Por Ignacio Álvarez-Ossorio, profesor de la Universidad de Alicante (ABC, 03/03/06):
Las huestes de Al-Zarqaui han decidido gastar su último cartucho en Irak: intentar provocar una guerra civil entre suníes y chiíes. El reciente atentado contra la mezquita de Samarra ha desencadenado una espiral de violencia sin precedentes y ha encendido todas las alarmas en torno a la posibilidad de que los esporádicos enfrentamientos degeneren en un conflicto de baja intensidad de impredecibles consecuencias.
Abu Musab al-Zarqaui, el hombre de Al Qaida en Irak, está llevando hacia extremos difícilmente imaginables la estrategia yihadista puesta en marcha por Osama bin Laden. Sólo así se entienden los atentados contra la comunidad musulmana chií, a la que acusa de colaborar con las tropas americanas y de intentar marginar a los suníes en la era post-Sadam. Lo más chocante es que los atentados pretenden justificarse desde el punto de vista religioso, aludiendo a la necesidad de combatir a los «rawafid», es decir, a aquellos que tras la muerte de Mahoma no reconocieron la autoridad de los califas ortodoxos y engrosaron el bando de Alí, primer imán de los chiíes, provocando el gran cisma dentro del islam. Similares argumentos fueron empleados por los saudíes en 1801 para saquear la ciudad santa de Kerbala, donde descansan los restos del imán Husayn.

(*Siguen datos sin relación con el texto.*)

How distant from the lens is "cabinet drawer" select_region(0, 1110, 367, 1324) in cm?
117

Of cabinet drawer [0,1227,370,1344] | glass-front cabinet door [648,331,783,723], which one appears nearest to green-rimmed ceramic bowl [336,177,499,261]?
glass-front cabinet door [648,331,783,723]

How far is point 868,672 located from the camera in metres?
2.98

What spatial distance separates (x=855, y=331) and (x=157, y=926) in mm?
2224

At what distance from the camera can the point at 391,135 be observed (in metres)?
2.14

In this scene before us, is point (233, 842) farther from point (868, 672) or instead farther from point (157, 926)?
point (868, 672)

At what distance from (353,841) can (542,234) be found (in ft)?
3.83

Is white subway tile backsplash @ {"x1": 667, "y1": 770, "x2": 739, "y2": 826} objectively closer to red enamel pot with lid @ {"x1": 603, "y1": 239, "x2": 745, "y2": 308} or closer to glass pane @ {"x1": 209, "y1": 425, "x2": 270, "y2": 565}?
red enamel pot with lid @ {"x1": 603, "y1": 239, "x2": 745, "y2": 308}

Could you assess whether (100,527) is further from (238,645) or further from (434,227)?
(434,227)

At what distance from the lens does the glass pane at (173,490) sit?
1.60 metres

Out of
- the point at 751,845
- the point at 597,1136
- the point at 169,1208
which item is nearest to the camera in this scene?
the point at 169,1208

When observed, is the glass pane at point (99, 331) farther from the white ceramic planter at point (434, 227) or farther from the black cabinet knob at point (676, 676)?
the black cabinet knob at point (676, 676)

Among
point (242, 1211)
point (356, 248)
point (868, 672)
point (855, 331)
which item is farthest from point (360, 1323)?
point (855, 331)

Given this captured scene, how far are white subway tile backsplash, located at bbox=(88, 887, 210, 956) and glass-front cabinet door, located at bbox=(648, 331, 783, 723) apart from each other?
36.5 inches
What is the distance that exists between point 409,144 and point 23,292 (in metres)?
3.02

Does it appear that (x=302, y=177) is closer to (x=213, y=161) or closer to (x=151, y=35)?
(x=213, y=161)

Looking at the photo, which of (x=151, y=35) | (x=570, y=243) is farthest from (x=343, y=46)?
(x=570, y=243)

Al-Zarqaui considera tan legítimo atacar a las tropas americanas, a las que tacha invariablemente de «cruzados», como volar los santuarios de los chiíes. Al proceder de esta manera, está consiguiendo crear un auténtico desierto en torno a él, ya que su estrategia terrorista e incendiaria genera fuertes resistencias, incluso entre los propios suníes.

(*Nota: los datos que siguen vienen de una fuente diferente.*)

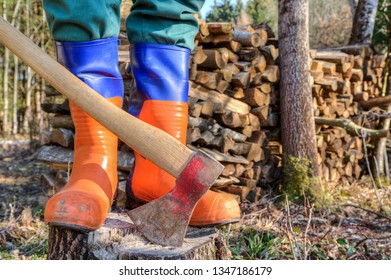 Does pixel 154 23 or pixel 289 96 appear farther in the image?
pixel 289 96

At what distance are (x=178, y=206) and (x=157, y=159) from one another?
0.51 ft

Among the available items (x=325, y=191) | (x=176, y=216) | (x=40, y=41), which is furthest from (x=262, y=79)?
(x=40, y=41)

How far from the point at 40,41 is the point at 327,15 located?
6282mm

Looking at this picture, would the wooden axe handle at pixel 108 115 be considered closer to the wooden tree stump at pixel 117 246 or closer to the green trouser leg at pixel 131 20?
the green trouser leg at pixel 131 20

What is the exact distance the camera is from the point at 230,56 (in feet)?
11.7

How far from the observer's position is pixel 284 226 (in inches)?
110

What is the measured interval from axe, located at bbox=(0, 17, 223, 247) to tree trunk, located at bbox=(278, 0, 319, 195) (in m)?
2.48

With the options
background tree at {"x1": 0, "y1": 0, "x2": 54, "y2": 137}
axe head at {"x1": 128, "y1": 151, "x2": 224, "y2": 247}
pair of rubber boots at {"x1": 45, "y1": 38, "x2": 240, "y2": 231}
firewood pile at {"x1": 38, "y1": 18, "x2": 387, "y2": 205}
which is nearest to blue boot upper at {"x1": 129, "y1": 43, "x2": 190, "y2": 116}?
pair of rubber boots at {"x1": 45, "y1": 38, "x2": 240, "y2": 231}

Aunque se pretenda disfrazarlo como un conflicto confesional, está claro que el objetivo es político ya que se busca desencadenar una guerra civil. Los yihadistas comulgan con la máxima «cuanto peor, mejor» e interpretan que, de extenderse el caos y la anarquía por todo el país, la Administración Bush habrá fracasado en su intento de asentar la democracia en la región y se verá obligada a acelerar su salida del país para no verse entre dos fuegos.
Todo ello pone de manifiesto que el yihadismo ha entrado en una fase aún más mortífera y desesperada que las anteriores, ya que además de perseguir objetivos occidentales (como ocurriera en el 11-S neoyorquino, el 11-M madrileño y el 7-J londinense), ahora ha extendido su terror a todos aquellos musulmanes considerados infieles y apóstatas, planteamiento que, llevado a su paroxismo, podría desestabilizar todo el Oriente Próximo.